Rhabdomyolysis may cause death through several mechanisms as levels of waste in the blood increase to pathological levels. Several causes include increases in serum potassium leading to heart arrhythmias, renal failure secondary to intratubular obstruction, hyperthermia, volume depletion, leukocytosis, metabolic acidosis, anemia, or intravascular coagulation among other causes.
Causes and risk factors: Exercise-induced: may occur in athletes or patients with muscle wasting diseases. Exercise and fasting may increase risk in patients with muscle wasting disease.4 Crush syndrome: Initial crush injury causes severe muscle damage which is experienced systemically following restoration of blood flow from crushed body part to general circulation. Toxic agents, medications: A wide variety of medications and toxins can contribute to development of rhabdomyolysis. Examples include alcohol, statins, fibrates, antipsychotics, anesthesia, SSRIs, diuretics, heavy metals, hemlock, and more. Refer to Guis paper for further detail. Disrupted blood supply: arterial thrombosis, embolism, artery clamping. Other causes: Hyperthermia, disrupted metabolism, infection, inflammation.

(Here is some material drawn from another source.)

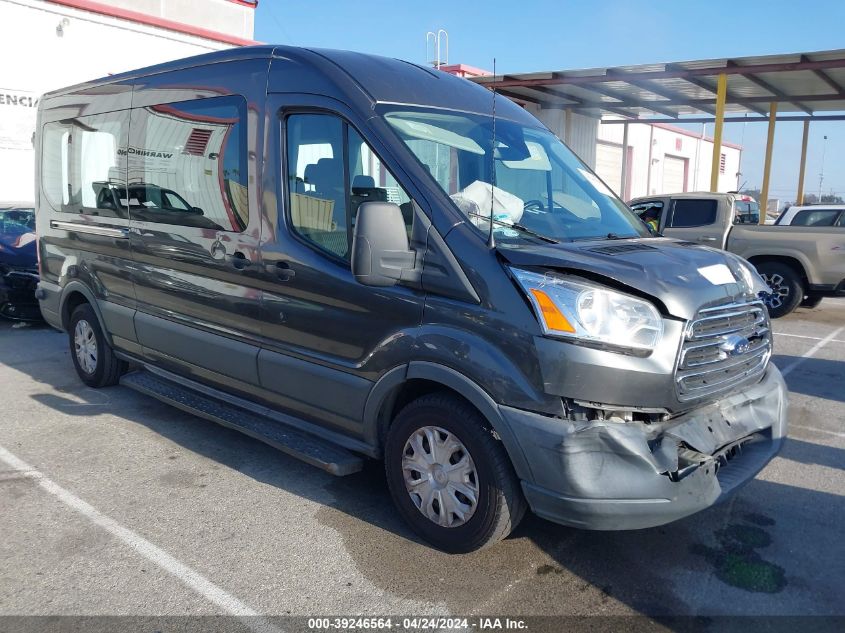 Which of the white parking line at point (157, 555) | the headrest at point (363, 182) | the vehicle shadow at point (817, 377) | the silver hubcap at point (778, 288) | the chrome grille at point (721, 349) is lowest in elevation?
the white parking line at point (157, 555)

Signs and symptoms2,3,5: Muscle fatigue Cramps Muscle pain and tenderness Weakness Increase in muscle size, swelling (sometimes) Nausea Vomiting Confusion Coma Abnormal heart rate and rhythm Decrease urine production Reddish-brown urine
Diagnosis2,3,5: Reddish-brown urine color >5-fold increase in serum creatine kinase (CPK) Increased urinary myoglobin concentration May present with increased serum potassium, urea, creatine, or muscle enzymes.
Treatment and management: First step of treatment for acute rhabdomyolysis is to rehydrate the patient. In severe rhabdomyolysis, with extreme metabolic disturbances and renal failure or dysfunction secondary to myoglobinuria, dialysis may be required. In cases of patients with chronic rhabdomyolysis the best practice for management includes avoiding those activities and situations which exacerbate the condition. Low intensity physical activity may be beneficial when the patient is stabilized in order to promote restoration of mitochondria.

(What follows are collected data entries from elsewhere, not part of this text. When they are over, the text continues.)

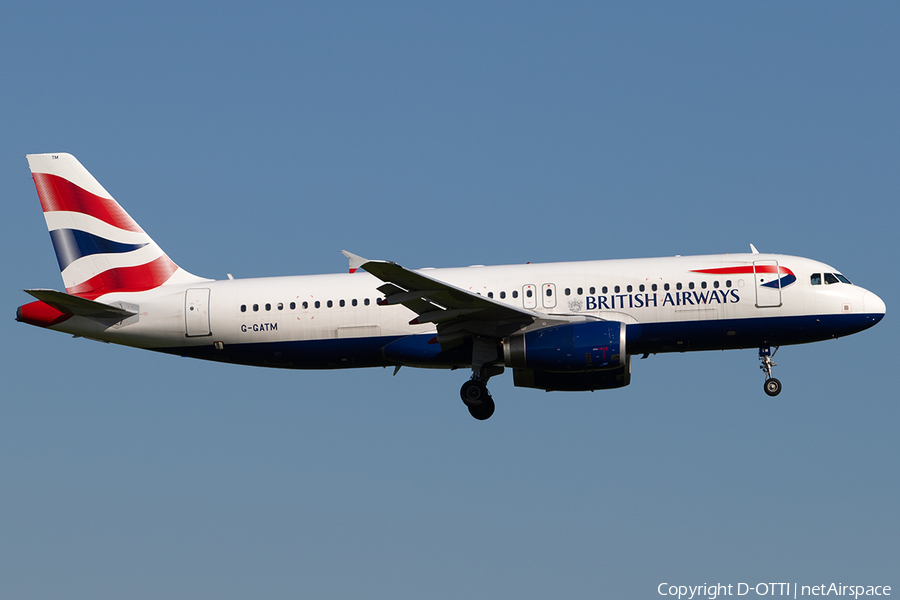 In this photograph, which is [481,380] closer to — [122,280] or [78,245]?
[122,280]

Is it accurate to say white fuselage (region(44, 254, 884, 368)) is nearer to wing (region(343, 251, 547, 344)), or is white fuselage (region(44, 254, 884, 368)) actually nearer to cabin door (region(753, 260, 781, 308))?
cabin door (region(753, 260, 781, 308))

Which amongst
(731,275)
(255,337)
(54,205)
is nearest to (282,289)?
(255,337)

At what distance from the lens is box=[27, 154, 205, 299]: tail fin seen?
3675 cm

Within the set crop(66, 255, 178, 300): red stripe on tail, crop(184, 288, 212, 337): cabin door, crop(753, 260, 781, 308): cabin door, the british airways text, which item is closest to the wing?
the british airways text

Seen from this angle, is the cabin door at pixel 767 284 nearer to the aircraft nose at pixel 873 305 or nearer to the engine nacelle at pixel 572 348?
the aircraft nose at pixel 873 305

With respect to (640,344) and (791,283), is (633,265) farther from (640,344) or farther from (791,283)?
(791,283)

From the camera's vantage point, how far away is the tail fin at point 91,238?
1447 inches

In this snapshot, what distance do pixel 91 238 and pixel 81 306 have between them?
3.88 meters

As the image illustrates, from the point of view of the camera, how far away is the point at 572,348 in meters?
31.8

References: 1. Bosch X, Poch E, Grau JM. Rhabdomyolysis and acute kidney injury. N Engl J Med. 2009;361(1):62-72. 2. Guis S, Mattei JP, Cozzone PJ, Bendahan D. Pathophysiology and clinical presentations of rhabdomyolysis. Joint Bone Spine. 2005;72(5):382-391. 3. Sauret JM, Marinides G, Wang GK. Rhabdomyolysis. Am Fam Physician. 2002;65(5):907-912. 4. Tietze DC, Borchers J. Exertional rhabdomyolysis in the athlete: A clinical review. Sports Health. 2014;6(4):336-339. 5. Vanholder R, Sever MS, Erek E, Lameire N. Rhabdomyolysis. J Am Soc Nephrol. 2000;11(8):1553-1561.

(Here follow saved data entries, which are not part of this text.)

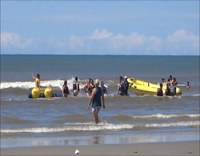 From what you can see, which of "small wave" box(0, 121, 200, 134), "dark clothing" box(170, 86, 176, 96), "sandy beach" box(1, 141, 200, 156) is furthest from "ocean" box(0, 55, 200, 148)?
"sandy beach" box(1, 141, 200, 156)

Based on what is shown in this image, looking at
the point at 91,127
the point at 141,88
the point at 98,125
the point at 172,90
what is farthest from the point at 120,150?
the point at 141,88

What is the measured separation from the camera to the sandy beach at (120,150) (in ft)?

Topics in Geriatrics:Rhabdomyolysis
Rhabdomyolysis is a condition in which skeletal muscle breaks down and releases harmful proteins into the blood. Geriatric patients can be susceptible to rhabdomyolysis due to side effects of medications and prolonged lying on the floor after a fall.
Objectives:
1. The reader will learn about the physiological process of rhabdomyolysis
2. The reader will understand how and why rhabdomyolysis is particularly relevant to the geriatric population
3. The reader will demonstrate knowledge of three or may different ways geriatric patients can develop rhabdomyolysis
4. The reader will learn about ways that rhabdomyolysis can be avoided and treated and in the geriatric population
Rhabdomyolysis is a condition in which skeletal muscle breaks down and releases harmful proteins into the blood. It can occur in the geriatric population as a result of complete immobilization resulting from acute illness (Marcus, 1992). In a study performed by Marcus (1992), 23 out of 2,870 patients admitted to the acute geriatric department of a university-affiliated teaching hospital had rhabdomyolysis. This represents an incidence of 0.8%. A patient was determined to have rhabdomyolysis if they had elevated serum creatine kinase of five times or greater above the upper reference limit and greater than 97% MM isoenzyme (Marcus, 1992). Of the 23 subjects positive for rhabdomyolysis in this study, 17 had renal failure.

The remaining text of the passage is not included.